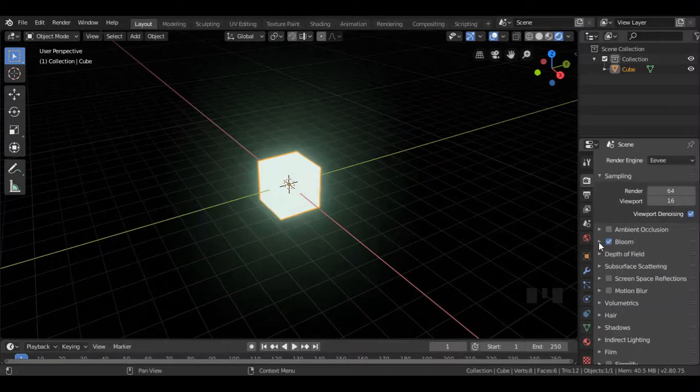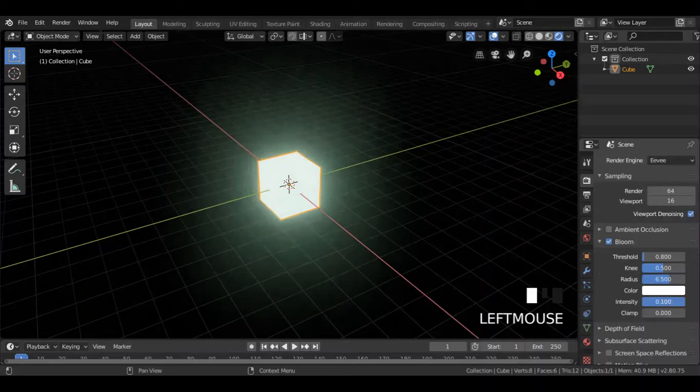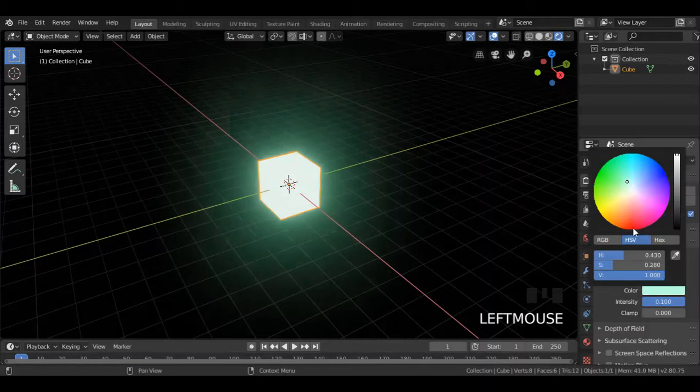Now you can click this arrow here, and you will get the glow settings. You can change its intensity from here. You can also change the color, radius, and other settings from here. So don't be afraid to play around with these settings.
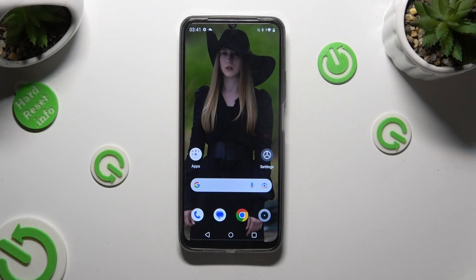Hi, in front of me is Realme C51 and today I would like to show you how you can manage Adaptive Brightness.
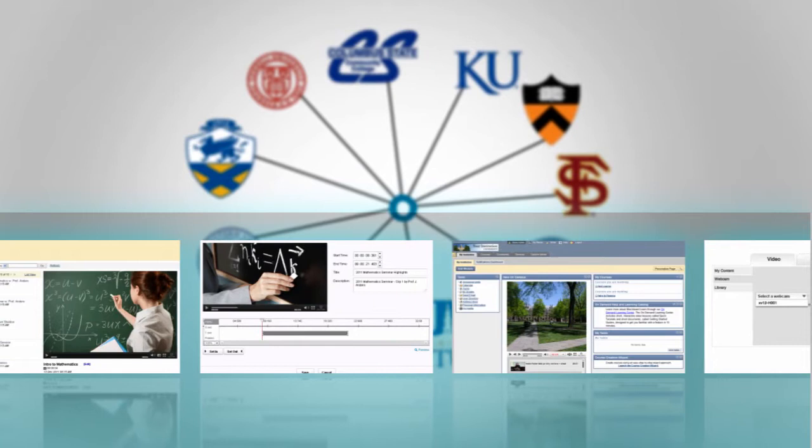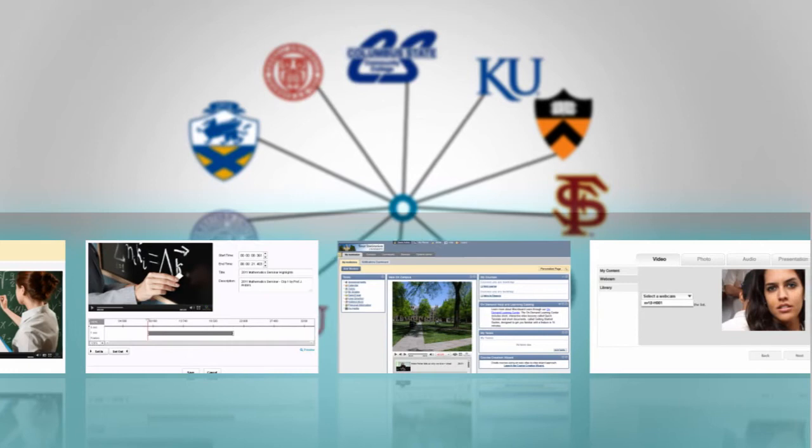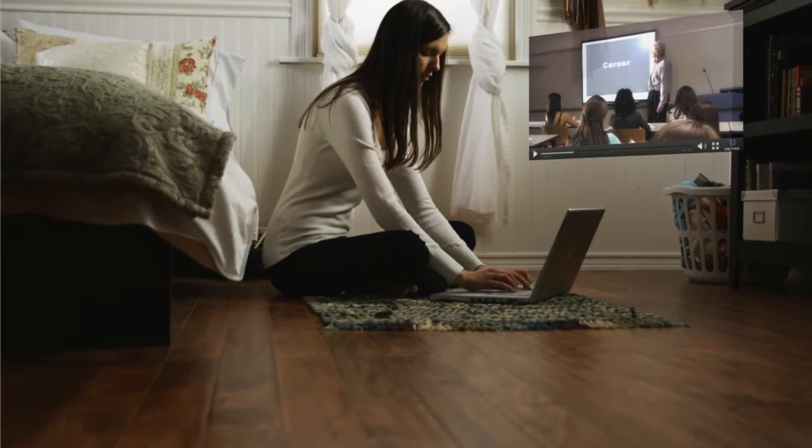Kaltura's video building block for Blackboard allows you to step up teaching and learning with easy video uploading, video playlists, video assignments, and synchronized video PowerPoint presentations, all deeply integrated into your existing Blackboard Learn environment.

====

WHAT YOU SHOULD DO:
Once the pictures are removed, copy the material above exactly.

ANSWER TO THE PROBLEM:
Now you can click this arrow here, and you will get the glow settings. You can change its intensity from here. You can also change the color, radius, and other settings from here. So don't be afraid to play around with these settings.
Hi, in front of me is Realme C51 and today I would like to show you how you can manage Adaptive Brightness.
Kaltura's video building block for Blackboard allows you to step up teaching and learning with easy video uploading, video playlists, video assignments, and synchronized video PowerPoint presentations, all deeply integrated into your existing Blackboard Learn environment.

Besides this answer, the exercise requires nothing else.